There is no artifice in either brother. Their fan appeal is directly attributable to who they are at their core. And it’s that very genuineness that has throngs of fans standing outside their hauler, waiting for just a moment of their time.

“It’s about being yourself – talking to people,” Hunter said. “It’s not like I turn it on or turn it off; it’s just about being yourself. This is who we are, this is who you get and this is how it will be. You can’t portray something you’re not. If you keep saying you’re an orange, but apples keep popping out, it’s only a matter of time [until they figure it out].”

The key word is ‘throngs’, however.

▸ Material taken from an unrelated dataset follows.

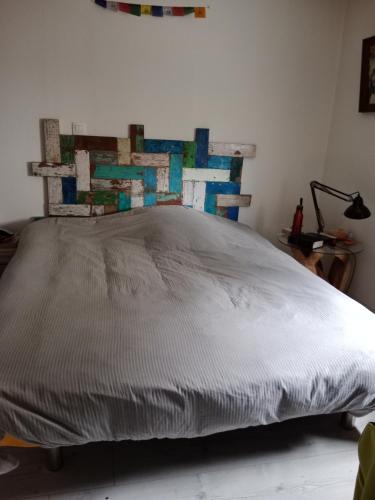 a bedroom with a large bed with a wooden headboard at Maison de charme in Audenge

One person wanting just a few moments of time is incidental. Dozens are an entirely different matter.

“It’s tough in Supercross because it’s such a long day,” Hunter said. “The recovery side of it’s tough to do everything. We get stuck outside the grid; we can’t be there for like 10 minutes. We’re stuck there for like an hour. It gets overwhelming at times.

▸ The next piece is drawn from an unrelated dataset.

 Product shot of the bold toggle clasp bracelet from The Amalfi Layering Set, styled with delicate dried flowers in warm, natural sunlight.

“You feel bad because you want to sign everything, but you’re still here for a job. Every race day is like that. We do the best we can, but there are so many people who wait out front. They’re screaming for you. Even when we’re coming off the sessions, they’re already yelling before you put your bike on the stands. You don’t even get time to take you helmet off.”

It can be a double-edged sword. Personality is only one part of the equation. A much bigger part of the brothers’ fan appeal comes because of their success. Hunter finished second in the last two Supercross 250 West title battles and third in the past two Lucas Oil Pro Motocross Championships.

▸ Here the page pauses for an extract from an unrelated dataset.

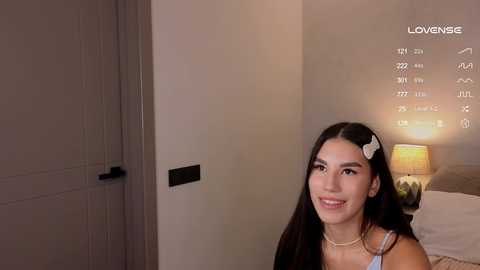 Media: Video of a smiling, light-skinned Latina woman with long, dark hair, wearing a white hair clip and a light blue top, standing indoors next to a calendar and a lit lamp.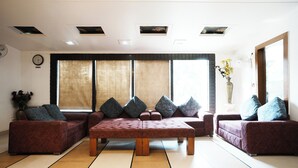 A modern living room with a sectional sofa, a wooden coffee table, and large windows with curtains.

Jett won the last three titles he competed for, including last year’s 250 East Supercross Championship and the last two Motocross contests.

“I think they expect me to have nothing else to do on a Saturday and that I have unlimited energy,” Jett said. “But, I’m trying to recover for the next race.”

It’s a matter of timing. Jett has gained a reputation last year for handing out hundreds of donuts before the races during Red Bull fan appreciation sessions. And after the race, once the business at hand has been settled, Jett is equally available to the fans.

“After the race it’s fine; I’ll stay behind.” Jett said. “My job is done on the racing side of things, but until that last moto is done, my main thing is dirt bikes. The fans come along with it. The fans are part of the job, but main job at hand is the racing side of things. After the race, I’ll stay there for an hour or so. It’s a lot calmer.”